En mémoire de Georges Piroué. - C’est une sorte de forêt enchantée que nous font parcourir les Mémoires d’un lecteur heureux de Georges Piroué, dans laquelle s’appellent et se répondent les innombrables voix d’une conversation à la fois intime et universelle. Peu de livres illustrent, avec autant de minutieuse attention, la merveille que c’est de lire. On verra dans ces pages quel grand lecteur a été Georges Piroué au fil de sa vie, mais ce n’est pas d’exploits qu’il s’agit chez cet homme discret peu porté à la forfanterie, ainsi qu’il l’explique d’ailleurs tranquillement: « Je confesse volontiers mon respect pour l’exercice réussi de la précision. Penchant que je tiens des enseignements de l’école, de mes origines jurassiennes, de la méticulosité horlogère au sein de laquelle j’ai vécu et peut-être aussi du prosaïsme de ma mère qui m’a inculqué le principe de ne jamais dépasser ni ma pensée, ni ma perception des choses.

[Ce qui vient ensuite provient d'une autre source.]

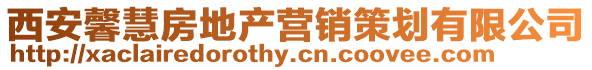 西安馨慧房地產(chǎn)營銷策劃有限公司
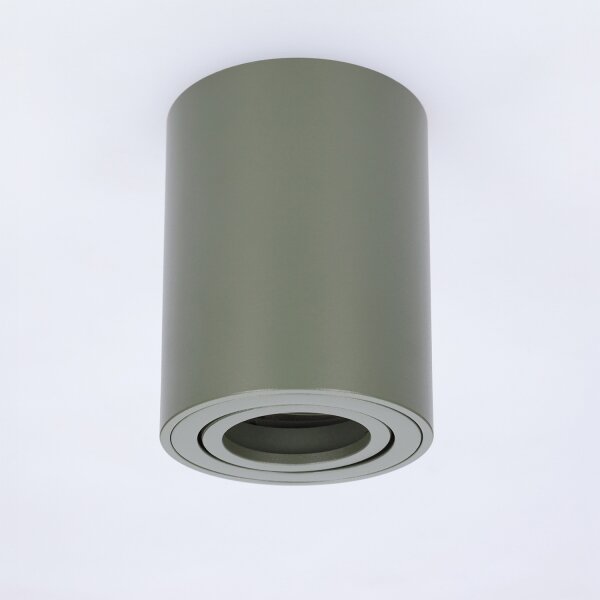 BRILAGI - Bodové svietidlo MIA 1xGU10/30W/230V 100x80 mm tmavozelená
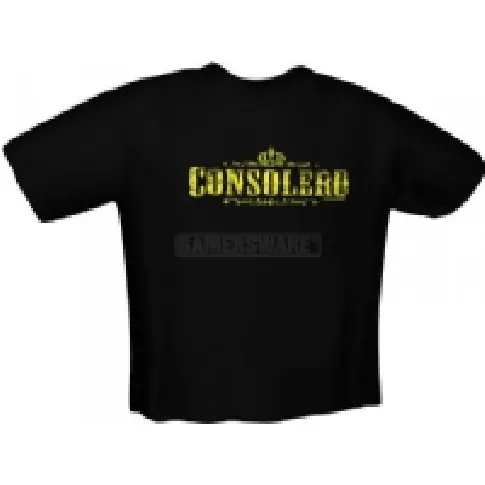Bilde av best pris GamersWear CONSOLERO T-skjorte svart (M) ( 5106-M ) Gaming - Gaming klær - Gaming klær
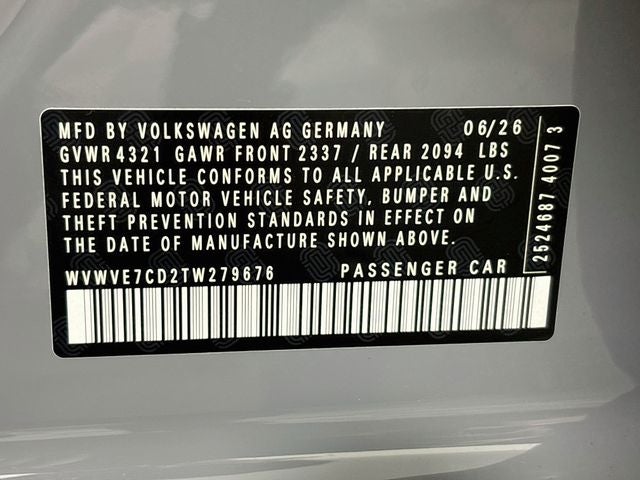 2026 Volkswagen Golf GTI Autobahn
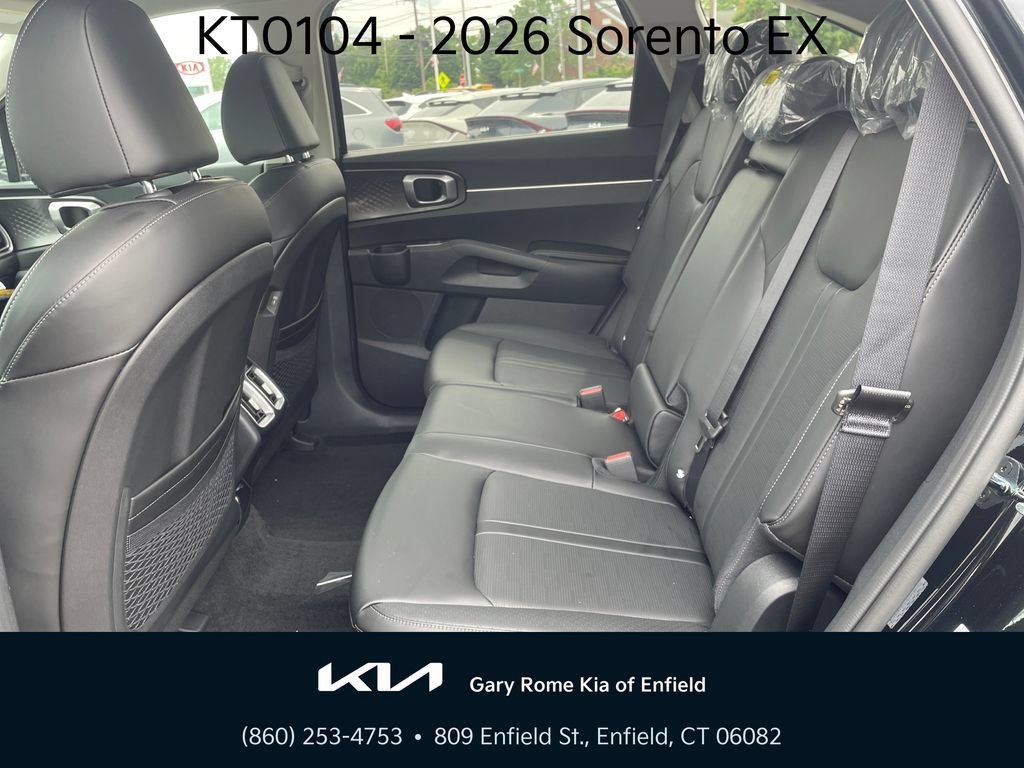New 2026 Kia Sorento EX AWD/4WD image 23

Toute exaltation de quelque nature qu’elle soit a toujours été pour moi signe de mauvais goût ou de ridicule, menace de danger ».
Nul élan à caractère métaphysique chez ce lecteur-poète qui se reconnaît « douteur fervent » et dit s’être fait « une religion de l’irréalité narrative », et pourtant les pages qu’il consacre à Dostoïevski ou à Dante sont d’une pénétration spirituelle rare, de même que tout son livre est traversé par une sorte de douceur évangélique jamais sucrée, qui le porte naturellement vers les humbles et les enfants malheureux chers à son cher Dickens.
L’homme sous le ciel, l’homme à la guerre, l’homme en amour, l’homme et la mer, ou les mères du sud selon Morante, et les Anna, les Emma, les Félicité, Julien Sorel et Lucien Rubempré, notre adolescence Roméo, notre jeunesse Hamlet, notre ultime veillée Lear, tous nos âges, nos travaux, nos grandes espérances, nos lendemains qui déchantent, words words words et salive de Joyce en marée océane - tout cela l’écrivain-lecteur le brasse et le rebrasse sans jamais perdre son fil très personnel.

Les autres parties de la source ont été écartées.